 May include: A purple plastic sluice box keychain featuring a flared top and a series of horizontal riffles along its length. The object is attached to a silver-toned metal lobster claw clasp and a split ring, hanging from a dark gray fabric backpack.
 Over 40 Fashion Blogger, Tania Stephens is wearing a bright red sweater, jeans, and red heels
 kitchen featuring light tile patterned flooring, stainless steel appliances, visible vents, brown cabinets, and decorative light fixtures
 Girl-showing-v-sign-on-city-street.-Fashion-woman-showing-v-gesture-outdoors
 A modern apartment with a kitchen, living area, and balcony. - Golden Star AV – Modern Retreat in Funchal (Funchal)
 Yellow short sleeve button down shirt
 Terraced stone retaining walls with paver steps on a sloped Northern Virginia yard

....

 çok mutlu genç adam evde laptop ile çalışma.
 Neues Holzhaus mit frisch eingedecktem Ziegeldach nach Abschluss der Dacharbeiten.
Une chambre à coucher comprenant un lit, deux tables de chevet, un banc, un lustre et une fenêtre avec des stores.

....

→ Task description:
From the line containing "May include: A" down to the line containing "Over 40 Fashion" in the material above, reproduce every line exactly, including the two end lines.

→ Result for this exercise:
 May include: A purple plastic sluice box keychain featuring a flared top and a series of horizontal riffles along its length. The object is attached to a silver-toned metal lobster claw clasp and a split ring, hanging from a dark gray fabric backpack.
 Over 40 Fashion Blogger, Tania Stephens is wearing a bright red sweater, jeans, and red heels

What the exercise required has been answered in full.